### Required action
Leave the pictures in the listing below aside and reproduce exactly the lines starting with the one with "Cover of: Watercolor" and going on through the one with "Broach Built Manufacturing Logo", both ends included.

### Material for this exercise
★ ★ ★ ★

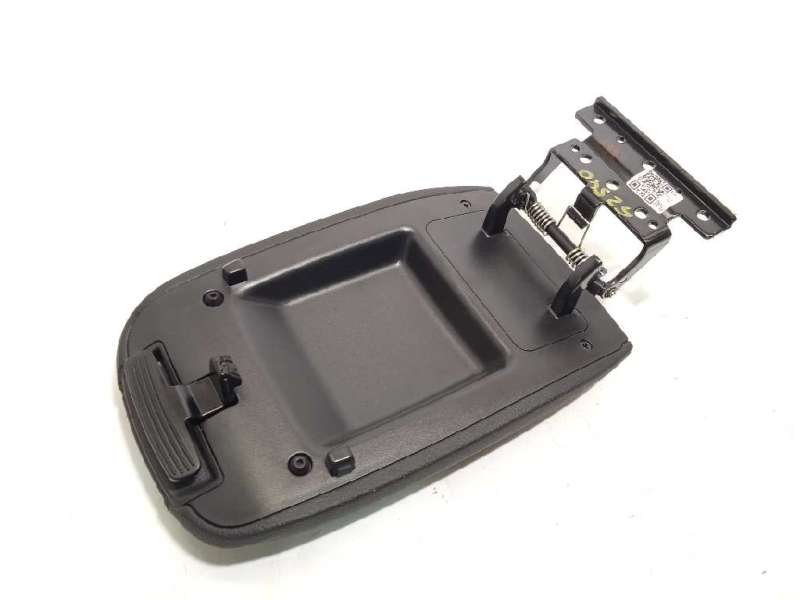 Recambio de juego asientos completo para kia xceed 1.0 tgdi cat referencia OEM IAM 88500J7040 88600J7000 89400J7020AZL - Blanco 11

★ ★ ★ ★

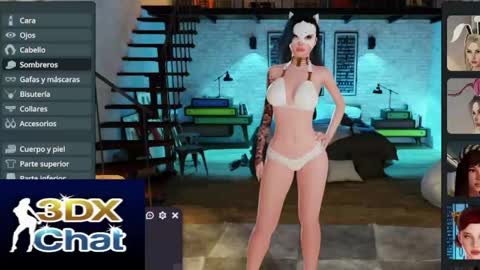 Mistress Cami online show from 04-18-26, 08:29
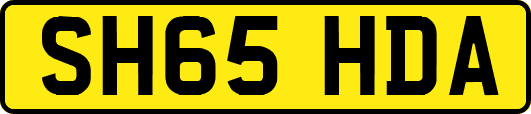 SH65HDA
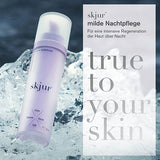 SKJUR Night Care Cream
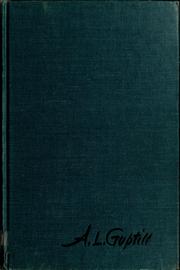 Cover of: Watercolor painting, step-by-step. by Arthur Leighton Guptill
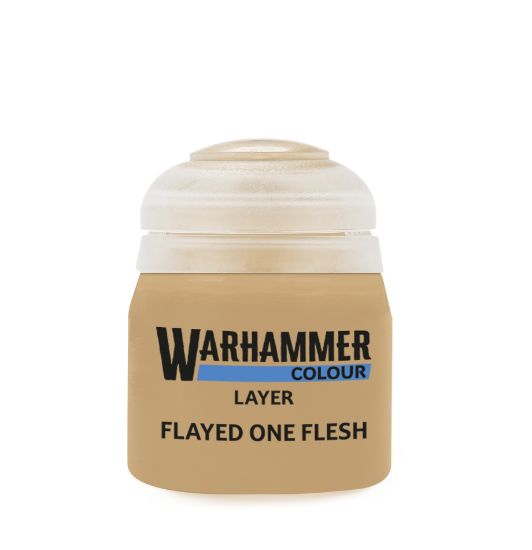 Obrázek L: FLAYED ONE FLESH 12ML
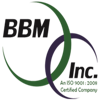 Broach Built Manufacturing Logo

★ ★ ★ ★

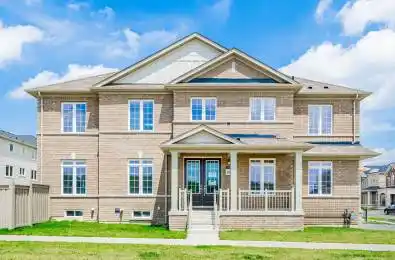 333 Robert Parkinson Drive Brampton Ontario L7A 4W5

★ ★ ★ ★

### Task response
 Cover of: Watercolor painting, step-by-step. by Arthur Leighton Guptill
 Obrázek L: FLAYED ONE FLESH 12ML
 Broach Built Manufacturing Logo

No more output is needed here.